Revenue is stated in USD. But, for reference, the company printed some CAD$21.5M which is about 6% of CAD$350M. Here is the latest chart:
For reference, and continuity, I convert everything to USD and keep it that way. I state everything in USD and always come in with “CAD” when I use CAD. That being said, should Auxly hit 8%, their target mid-range goal, that is approximately CAD$35M, which would be approximately USD$21M. That would be a decent increase for the quarter of nearly 30%, and that would also trickle downward through the financial statement and likely improve the gross margins and other associated costs metrics.
If Auxly were to add in the extra 30% increase of revenue, pushing more product through would create smaller and smaller marginal costs, increasing marginal profits. Gross margins would inevitably improve:
So, marginal costs and marginal profits are interesting terms and, I feel I should offer an explanation really briefly.

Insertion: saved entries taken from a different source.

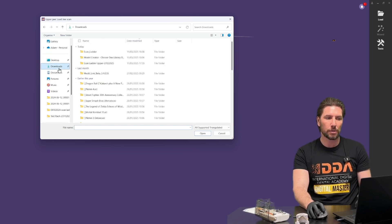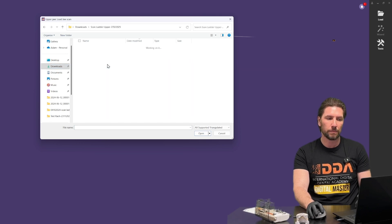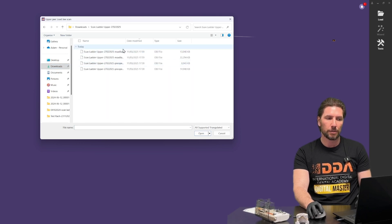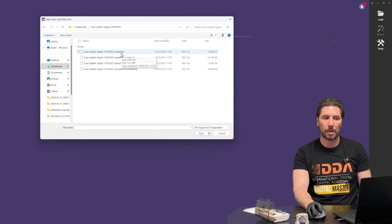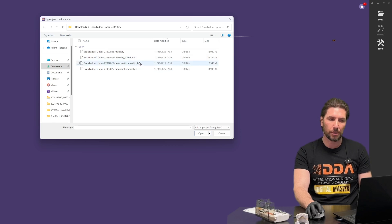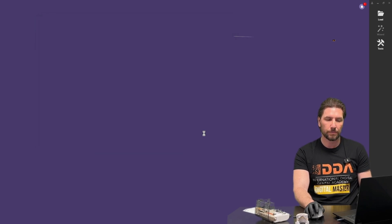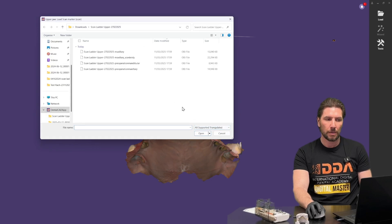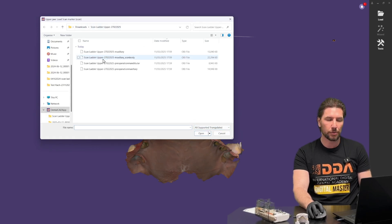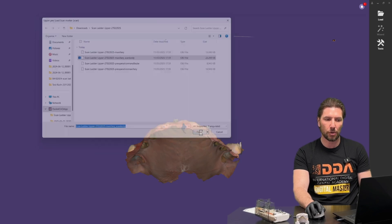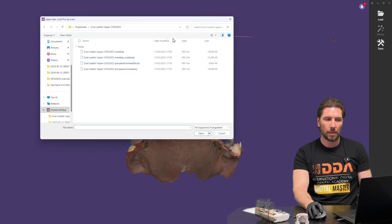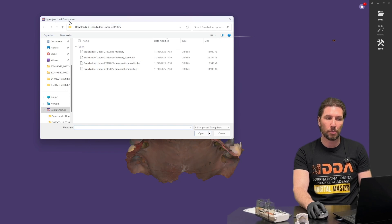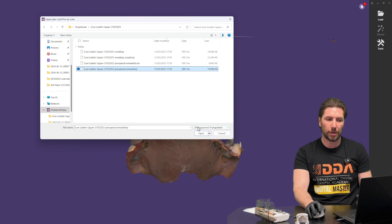So let's go to the location we saved those to. You can see if I widen this out a little bit we have maxillary which is the gingival scan we're going to bring in and the scan body next and also the pre-op. So let's bring in the maxillary first and then it's asking us to bring in the upper jaw scan marker. So you can see from edit we've exported this maxillary scan body. I'm going to click open and then finally it's asking us to bring in the upper pre-op scan.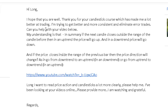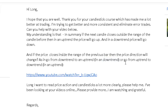Can you help with your video below? My understanding is that, in summary, if the next candle closes outside the range of the candle before it, then in an uptrend the price will go up, and in a downtrend price will go down. And if the price closes inside the range of the previous bar, then the price direction will change — going from downtrend to uptrend, or from uptrend to downtrend.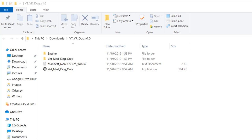After the file is unzipped, turn on your VR headset and have it ready to go. Then click on the application file named vet med dog only.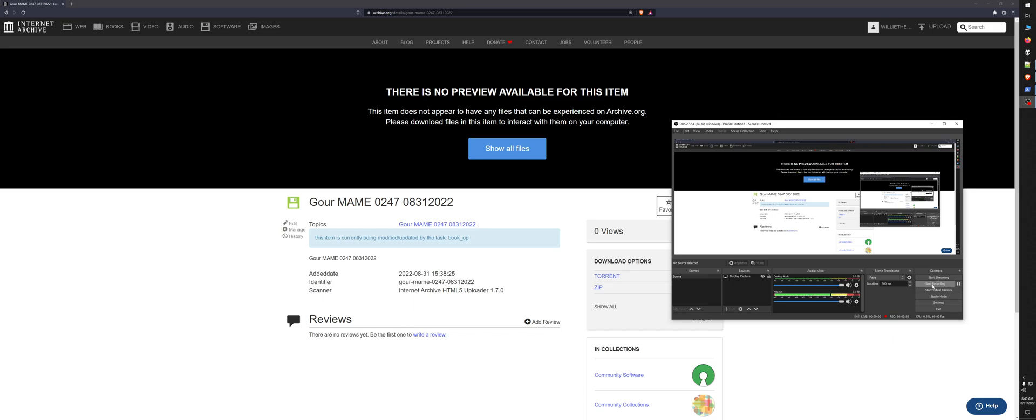He literally removed the only useful thing basically that was added to this version of MAME besides just more pathetic, crappy Chinese games that nobody's going to play and other worthless nonsense like bootlegs nobody's going to play.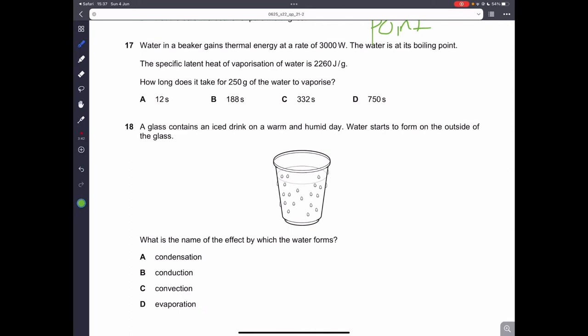Question seventeen is about water in a beaker gaining thermal energy. This question is not in the current syllabus because the specific latent heat topic has been removed from thermophysics, so we don't need to focus on this question.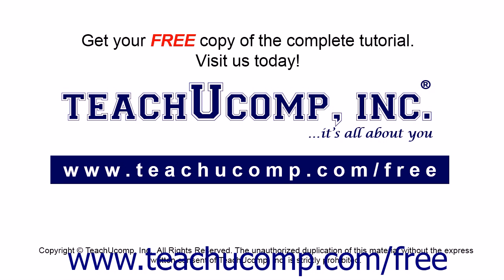Get your free copy of the complete tutorial at www.teachucomp.com forward slash free.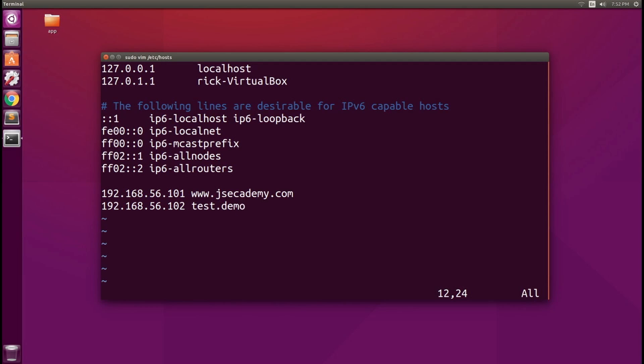If you want to mount a share, instead of remembering this long IP address, you can just simply type in test.demo.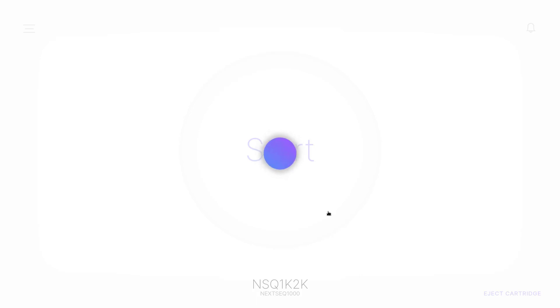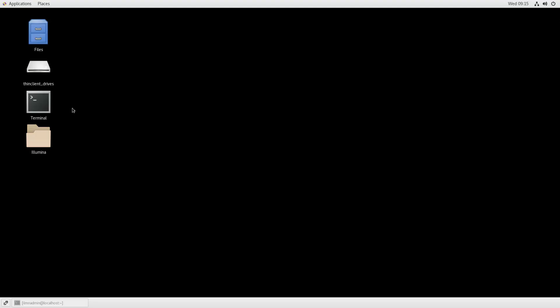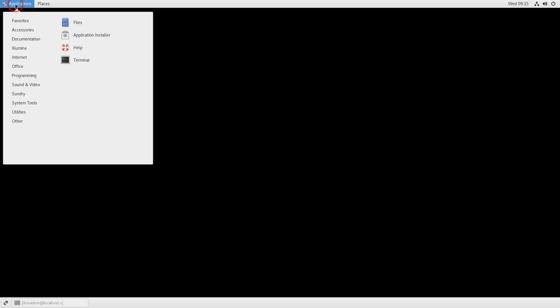Then, launch the terminal by selecting Applications and Terminal.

If a company is pushing through, say, 1,000 units through its grow and process systems, and that company is EBITDA break-even, then what happens is one additional unit pushed through has an interesting effect on how it improves profits.
If any company is EBTIDA break even with its current production then core business costs are paid for. Add in one more unit of production, then the only real gross costs are packaging and unit costs. But, other costs are already paying the bigger costs, such as rent, electricity and wages. That new unit of production and sale adds disproportionately increased profits with lower costs compared to the rest of production.
But, when the company puts out its numbers, they do not separate out that last unit. It is more conceptual to give an understanding of what occurs and how this shifts company’s fortunes.
I wanted to put together a different chart instead of showing operating efficiencies. The reason is simple: The mathematics made the usual chart unusable:
Operating efficiencies are a mathematical measure of total operating costs divided over total revenue. This gives us an idea of how efficiently, on a percentage basis, Sales, General, & Administrative (As well as Depreciation & Amortization) are relative to revenue. The best companies print between 30% – 35%. However, Auxly’s numbers were all over the board simply because of the fact that revenues were all over the board.
Given that, if Auxly were to hit its target this next quarter, and print $21M, while simultaneously keeping total operating costs in the same range then, operating efficiencies would naturally get more competitive.
Auxly is close to break even with EBITDA profitability:
Here’s the rub: If Auxly hits its $21M quarterly goal, and gross margins remain exactly the same, there will be an additional $2M in gross profits, which would drive this number downward to about -$1M. But, because of marginal profits outlined above, it is very possible that the $21M would see gross margins of about 50% at a minimum, which that translates into gross profits of $10.5M. Current gross profits are at $6.4M. This would get EBITDA to above positive, all else equal.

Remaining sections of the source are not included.